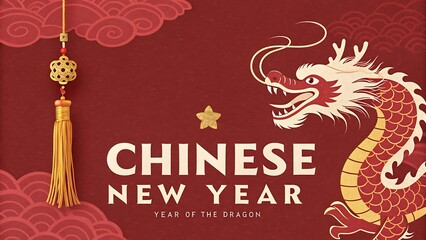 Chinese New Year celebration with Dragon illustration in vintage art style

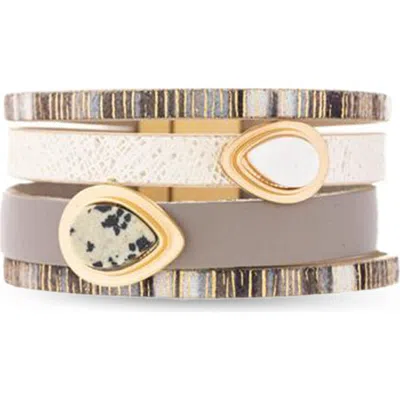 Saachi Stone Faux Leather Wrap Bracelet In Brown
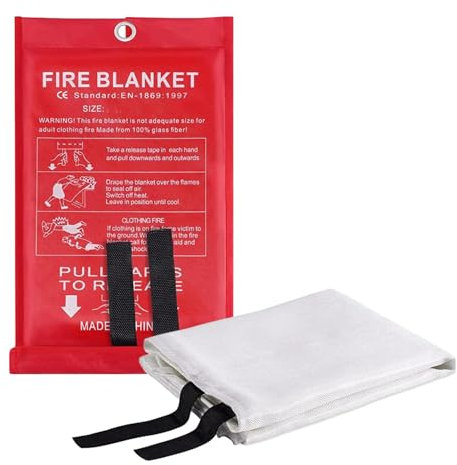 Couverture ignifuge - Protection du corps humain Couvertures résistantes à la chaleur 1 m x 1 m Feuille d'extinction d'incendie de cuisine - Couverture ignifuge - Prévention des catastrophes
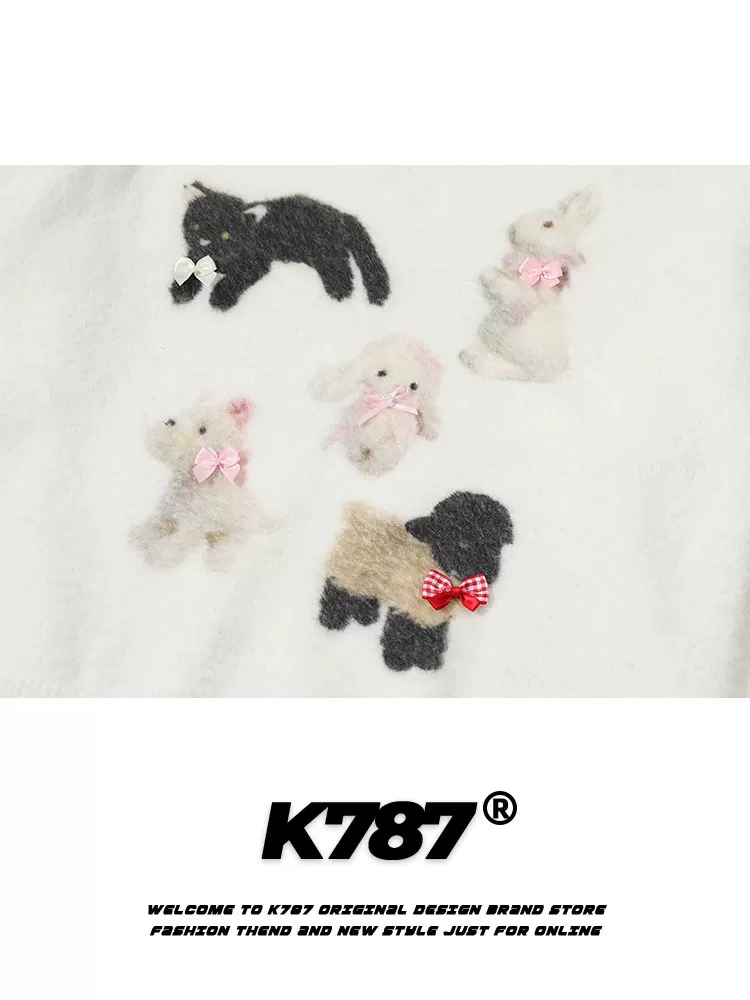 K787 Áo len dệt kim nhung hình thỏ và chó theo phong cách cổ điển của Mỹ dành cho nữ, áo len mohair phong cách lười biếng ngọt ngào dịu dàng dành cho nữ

▶ [Task requirements]:
Without the pictures, write out the entire listing exactly.

▶ [Exercise result]:
 Chinese New Year celebration with Dragon illustration in vintage art style

 Saachi Stone Faux Leather Wrap Bracelet In Brown
 Couverture ignifuge - Protection du corps humain Couvertures résistantes à la chaleur 1 m x 1 m Feuille d'extinction d'incendie de cuisine - Couverture ignifuge - Prévention des catastrophes
 K787 Áo len dệt kim nhung hình thỏ và chó theo phong cách cổ điển của Mỹ dành cho nữ, áo len mohair phong cách lười biếng ngọt ngào dịu dàng dành cho nữ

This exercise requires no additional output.